Itapirapuã, município da região Oeste de Goiás, alcançou um marco importante na produção agrícola ao ser oficialmente reconhecido pelo Ministério da Agricultura e Pecuária (Mapa) como apto a exportar cucurbitáceas — como melancia, melão e abóbora — para países do Mercosul, incluindo Argentina, Paraguai e Uruguai. O reconhecimento, conquistado com o apoio do Governo de Goiás, foi formalizado pela Portaria SDA/Mapa nº 1.418/2025, publicada no Diário Oficial da União no dia 7 de outubro de 2025. O documento insere o município no Sistema de Mitigação de Risco (SMR) para a praga Anastrepha grandis, conhecida como mosca-das-frutas das cucurbitáceas.
Com a conquista, Goiás passa a contar com 19 municípios habilitados para exportar esses produtos a países que impõem restrições fitossanitárias à praga. O avanço é resultado de um trabalho conjunto entre a Agência Goiana de Defesa Agropecuária (Agrodefesa), produtores rurais e responsáveis técnicos, que seguiram criteriosamente todas as exigências do Mapa.
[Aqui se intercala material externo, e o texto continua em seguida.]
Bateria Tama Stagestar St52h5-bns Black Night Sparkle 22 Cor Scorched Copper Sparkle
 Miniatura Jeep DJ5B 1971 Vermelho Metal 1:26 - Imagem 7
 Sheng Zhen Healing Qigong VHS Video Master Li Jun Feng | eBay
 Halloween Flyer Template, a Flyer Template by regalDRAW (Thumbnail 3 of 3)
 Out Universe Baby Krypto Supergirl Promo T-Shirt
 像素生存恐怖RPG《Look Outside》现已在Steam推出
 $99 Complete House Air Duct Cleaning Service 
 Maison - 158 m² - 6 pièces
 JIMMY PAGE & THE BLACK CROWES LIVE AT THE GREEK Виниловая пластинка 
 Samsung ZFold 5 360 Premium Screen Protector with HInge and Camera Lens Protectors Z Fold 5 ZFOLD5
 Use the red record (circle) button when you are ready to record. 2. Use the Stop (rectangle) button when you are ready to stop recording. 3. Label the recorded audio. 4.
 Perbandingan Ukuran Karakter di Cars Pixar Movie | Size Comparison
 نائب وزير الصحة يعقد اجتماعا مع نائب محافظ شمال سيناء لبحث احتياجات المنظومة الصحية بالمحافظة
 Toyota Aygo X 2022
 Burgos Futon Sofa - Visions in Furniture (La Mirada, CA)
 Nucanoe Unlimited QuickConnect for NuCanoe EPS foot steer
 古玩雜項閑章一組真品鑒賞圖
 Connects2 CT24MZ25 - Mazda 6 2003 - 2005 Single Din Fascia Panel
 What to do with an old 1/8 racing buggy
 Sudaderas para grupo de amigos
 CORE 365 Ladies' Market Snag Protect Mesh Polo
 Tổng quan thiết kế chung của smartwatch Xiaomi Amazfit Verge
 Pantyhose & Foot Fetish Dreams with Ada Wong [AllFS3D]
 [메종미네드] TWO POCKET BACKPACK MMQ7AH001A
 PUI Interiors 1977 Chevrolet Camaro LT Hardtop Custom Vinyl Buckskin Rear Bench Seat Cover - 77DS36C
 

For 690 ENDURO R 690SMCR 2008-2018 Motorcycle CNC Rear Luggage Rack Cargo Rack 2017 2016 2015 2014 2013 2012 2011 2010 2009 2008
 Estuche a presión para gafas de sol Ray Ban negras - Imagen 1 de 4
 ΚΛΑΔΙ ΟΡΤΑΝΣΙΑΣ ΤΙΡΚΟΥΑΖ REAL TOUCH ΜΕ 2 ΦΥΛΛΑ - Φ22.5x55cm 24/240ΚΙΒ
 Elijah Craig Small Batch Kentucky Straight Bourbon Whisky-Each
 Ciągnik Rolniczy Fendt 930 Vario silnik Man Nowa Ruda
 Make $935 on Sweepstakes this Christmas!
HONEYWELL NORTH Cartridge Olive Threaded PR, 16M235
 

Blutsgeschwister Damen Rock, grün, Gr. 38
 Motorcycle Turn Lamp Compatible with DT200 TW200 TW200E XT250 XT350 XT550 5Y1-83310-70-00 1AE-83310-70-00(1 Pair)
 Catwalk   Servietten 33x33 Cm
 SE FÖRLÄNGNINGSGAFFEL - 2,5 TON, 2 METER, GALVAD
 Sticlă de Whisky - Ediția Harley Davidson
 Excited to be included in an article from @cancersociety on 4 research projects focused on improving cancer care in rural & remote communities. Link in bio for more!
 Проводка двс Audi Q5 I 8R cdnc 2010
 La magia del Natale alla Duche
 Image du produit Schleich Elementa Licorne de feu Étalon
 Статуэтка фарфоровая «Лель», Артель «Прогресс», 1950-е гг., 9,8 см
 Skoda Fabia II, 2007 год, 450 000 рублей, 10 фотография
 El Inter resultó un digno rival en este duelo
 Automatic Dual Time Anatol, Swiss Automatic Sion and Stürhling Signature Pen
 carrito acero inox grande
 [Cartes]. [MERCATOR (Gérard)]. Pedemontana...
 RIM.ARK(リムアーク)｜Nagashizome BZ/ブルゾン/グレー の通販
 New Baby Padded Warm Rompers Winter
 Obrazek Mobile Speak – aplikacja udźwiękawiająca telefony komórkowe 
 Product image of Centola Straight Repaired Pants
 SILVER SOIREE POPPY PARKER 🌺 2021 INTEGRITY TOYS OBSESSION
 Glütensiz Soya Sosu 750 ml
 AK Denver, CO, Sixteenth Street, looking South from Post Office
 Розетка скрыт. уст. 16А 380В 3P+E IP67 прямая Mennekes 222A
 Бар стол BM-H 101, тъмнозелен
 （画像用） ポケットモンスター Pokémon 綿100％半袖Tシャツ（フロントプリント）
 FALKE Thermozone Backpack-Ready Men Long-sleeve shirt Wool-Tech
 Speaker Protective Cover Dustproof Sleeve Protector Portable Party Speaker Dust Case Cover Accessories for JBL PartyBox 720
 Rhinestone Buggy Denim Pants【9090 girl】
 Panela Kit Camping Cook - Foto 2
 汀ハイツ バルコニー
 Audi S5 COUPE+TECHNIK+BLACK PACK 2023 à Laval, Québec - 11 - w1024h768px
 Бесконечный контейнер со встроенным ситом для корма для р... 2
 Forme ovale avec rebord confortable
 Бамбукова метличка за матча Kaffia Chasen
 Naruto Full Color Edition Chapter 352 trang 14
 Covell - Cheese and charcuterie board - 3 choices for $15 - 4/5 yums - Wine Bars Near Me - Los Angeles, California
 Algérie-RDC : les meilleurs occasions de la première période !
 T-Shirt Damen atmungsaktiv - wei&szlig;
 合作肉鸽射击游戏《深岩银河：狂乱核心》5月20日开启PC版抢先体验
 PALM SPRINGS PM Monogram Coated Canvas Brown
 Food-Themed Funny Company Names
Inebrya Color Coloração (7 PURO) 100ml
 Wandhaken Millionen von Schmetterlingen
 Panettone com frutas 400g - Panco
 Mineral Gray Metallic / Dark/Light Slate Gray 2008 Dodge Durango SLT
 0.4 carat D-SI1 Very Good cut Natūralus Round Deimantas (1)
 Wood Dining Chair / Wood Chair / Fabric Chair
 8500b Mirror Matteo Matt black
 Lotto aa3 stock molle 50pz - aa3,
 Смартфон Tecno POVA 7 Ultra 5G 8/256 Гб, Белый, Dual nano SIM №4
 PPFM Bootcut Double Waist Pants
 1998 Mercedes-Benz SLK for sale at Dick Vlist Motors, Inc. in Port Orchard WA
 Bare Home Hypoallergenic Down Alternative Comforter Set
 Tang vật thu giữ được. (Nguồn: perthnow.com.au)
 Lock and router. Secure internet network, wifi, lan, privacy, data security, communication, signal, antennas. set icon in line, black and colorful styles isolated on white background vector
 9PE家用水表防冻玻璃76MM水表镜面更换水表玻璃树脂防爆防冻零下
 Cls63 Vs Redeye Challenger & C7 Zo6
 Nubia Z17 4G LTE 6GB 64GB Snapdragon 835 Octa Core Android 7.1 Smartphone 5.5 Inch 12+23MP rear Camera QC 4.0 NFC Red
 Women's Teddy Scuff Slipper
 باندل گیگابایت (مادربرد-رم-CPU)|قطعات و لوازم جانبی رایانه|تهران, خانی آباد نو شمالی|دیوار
“O Governo de Goiás, por meio da Agrodefesa, tem investido continuamente em uma fruticultura mais competitiva e segura, oferecendo suporte técnico aos produtores e garantindo que todas as etapas do processo sigam os mais rigorosos padrões fitossanitários. Essa conquista de Itapirapuã representa o comprometimento dos nossos profissionais e o avanço do agronegócio goiano”, destacou o presidente da Agrodefesa, José Ricardo Caixeta Ramos.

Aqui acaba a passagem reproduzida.